■ RECORDS FOR PROCESSING ■
....
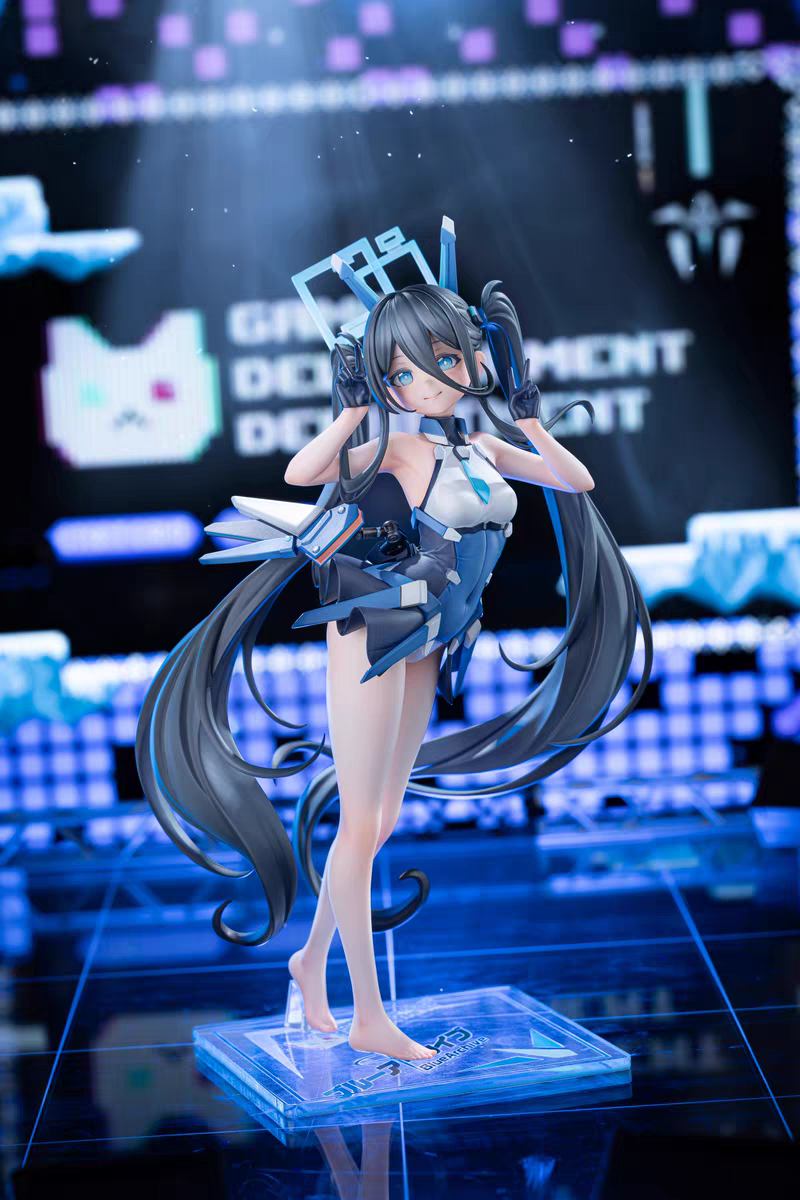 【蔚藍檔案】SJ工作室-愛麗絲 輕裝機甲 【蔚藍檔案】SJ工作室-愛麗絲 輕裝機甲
....
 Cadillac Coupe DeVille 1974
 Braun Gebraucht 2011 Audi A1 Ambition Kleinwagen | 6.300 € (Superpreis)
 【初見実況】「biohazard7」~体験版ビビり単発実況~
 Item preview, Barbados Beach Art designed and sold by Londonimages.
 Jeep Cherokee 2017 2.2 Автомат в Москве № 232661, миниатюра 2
....
Using the data above, repeat exactly the lines that begin at the line with "Item preview, Barbados" and end at the line with "Jeep Cherokee 2017", both ends included.

 Item preview, Barbados Beach Art designed and sold by Londonimages.
 Jeep Cherokee 2017 2.2 Автомат в Москве № 232661, миниатюра 2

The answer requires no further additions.